§ EXERCISE DETAILS
Once the pictures are set aside, repeat all of the data below exactly.

§ AVAILABLE DATA

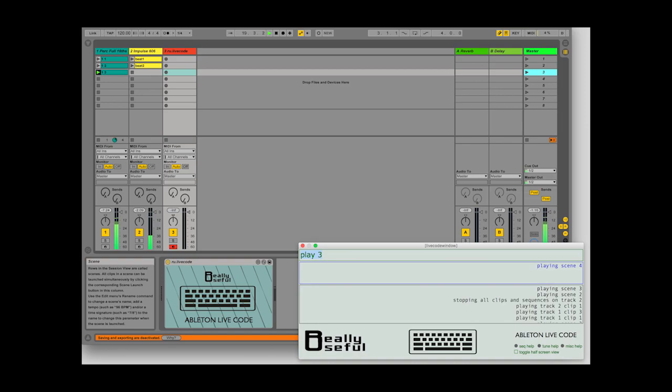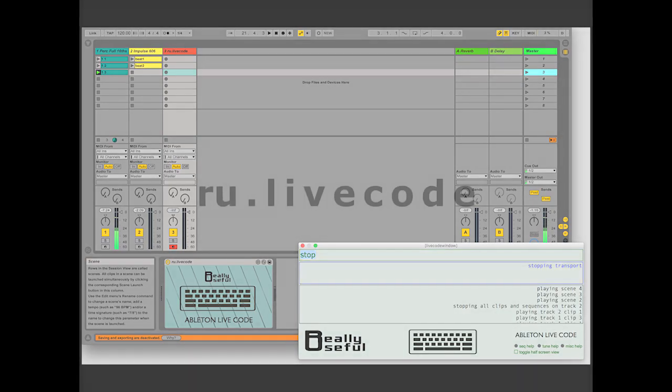If you just write Stop without any numbers, it will stop the master transport. Thank you.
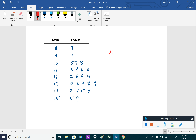We should add a key so anyone reading this plot knows what it represents. The key here shows that a stem of 15 and a leaf of 9 refers to a value of 159. And that completes our stem and leaf plot.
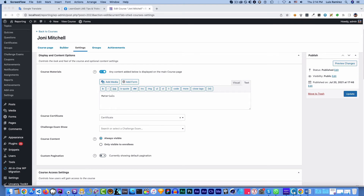Hey everybody, welcome to this video. I'm Patrick Kellogg. When LearnDash came out with tabs, the very first week — maybe even the first day — I came out with a little snippet that changed the label in one of the tabs. I want to revisit that; I've updated the snippet, so let's take a look at how it works.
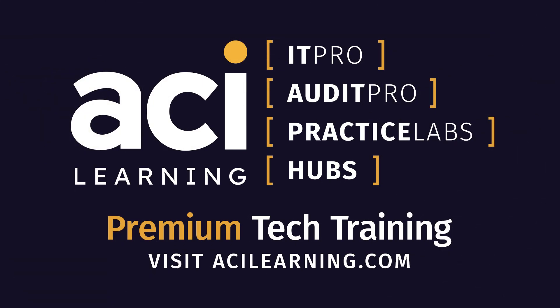Tech Break is brought to you by ACI Learning. Explore everything ACI Learning has to offer and protect your organization's readiness with IT Pro, Audit Pro, including Enterprise Solutions, webinars, and the Skeptical Auditor podcast, Practice Labs, Learning Hubs, and ACI Learning's partnership program. Visit acilearning.com and let ACI power up your IT team.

§ WRITTEN SOLUTION
If you just write Stop without any numbers, it will stop the master transport. Thank you.
We should add a key so anyone reading this plot knows what it represents. The key here shows that a stem of 15 and a leaf of 9 refers to a value of 159. And that completes our stem and leaf plot.
Hey everybody, welcome to this video. I'm Patrick Kellogg. When LearnDash came out with tabs, the very first week — maybe even the first day — I came out with a little snippet that changed the label in one of the tabs. I want to revisit that; I've updated the snippet, so let's take a look at how it works.
Tech Break is brought to you by ACI Learning. Explore everything ACI Learning has to offer and protect your organization's readiness with IT Pro, Audit Pro, including Enterprise Solutions, webinars, and the Skeptical Auditor podcast, Practice Labs, Learning Hubs, and ACI Learning's partnership program. Visit acilearning.com and let ACI power up your IT team.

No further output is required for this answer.